Automate Repetitive Execution for Cost and Speed Gains

Build AI agents like 10K—a dashboard, Postgres database, scheduled jobs, and gpt-4o-mini integrated with Bizzabo, Salesforce, Marketo, WordPress, X, and YouTube—to handle daily marketing grunt work. Every morning at 6:45am, it generates metrics dashboards, YoY charts, pipeline summaries, top content rankings, and fun facts, posting to Slack and Resend. This replaces the bottom half of four roles (analysts, coordinators, schedulers, drafters), equating to 1.5-2 FTEs at $250K-$400K/year fully loaded. Run it for $30-60/month ($700/year total), mostly OpenAI tokens. Key win: zero latency—reports ready before humans start, unlike analysts who pull them Monday mornings. Use gpt-4o-mini for ranking posts, drafting tweets, and summarizing metrics; larger models like GPT-4o waste money on non-frontier tasks.

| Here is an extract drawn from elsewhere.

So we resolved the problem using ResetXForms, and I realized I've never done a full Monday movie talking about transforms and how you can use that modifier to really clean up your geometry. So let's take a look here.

AI Fails Completely on High-Judgment VPM Work

10K executes inside human-defined strategies but forms none: it won't pick ICPs, target VPs of Sales vs. CMOs, or suggest expanding to developers. Zero capability on people management—no hiring, firing, coaching, or spotting quits; a real VPM's top value is hiring one key role yearly. No cross-functional politics: can't renegotiate leads with CRO, align launches, or read exec rooms. Lacks brand judgment—drafts tweets but won't pivot tone (e.g., regex forbids 'SaaS', forces 'B2B' to override training biases). Can't invent channels like podcast buys or dev-led growth, respond to crises (keynote dropouts, sponsor threats), or manage stakeholders (board decks, CEO pushback). These judgment tasks—strategy, hiring, politics, brand, ideas, crises, stakeholders—are the actual VPM job; AI only prereqs like reporting and drafting.

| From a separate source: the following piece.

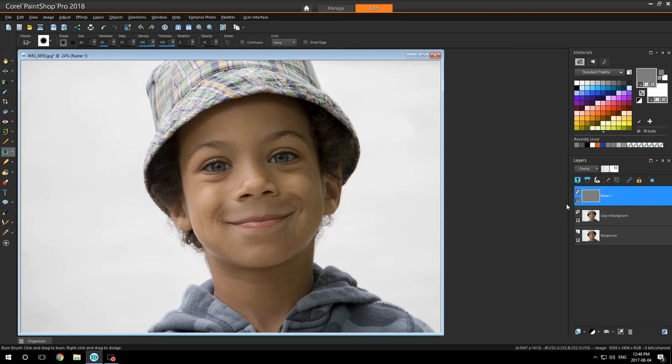You can take some of the shadows away from underneath his eyes. You can dodge here and burn here, enhance the photo even more.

Reshape Orgs by Workflow, Not Roles, with Humans Supervising

Don't aim for 'AI VPM'—decompose by workflows: daily reporting, newsletter drafts, comp tickets, metric snapshots. This eliminates the boring bottom half (reporting, drafting, scheduling, monitoring, summarizing, ranking, formatting) across seniors, letting kept humans focus 100% on top-half judgment. Result: flatter orgs with 2-3x leverage, same output. Keep humans 'on the loop'—AI drafts/queues, humans approve/ship/review logs; full removal leads to subtle errors. Honesty check: Overpromising full replacements risks backlash; truth is execution automation scales humans, driving SaaStr to $10M revenue with metrics up YoY.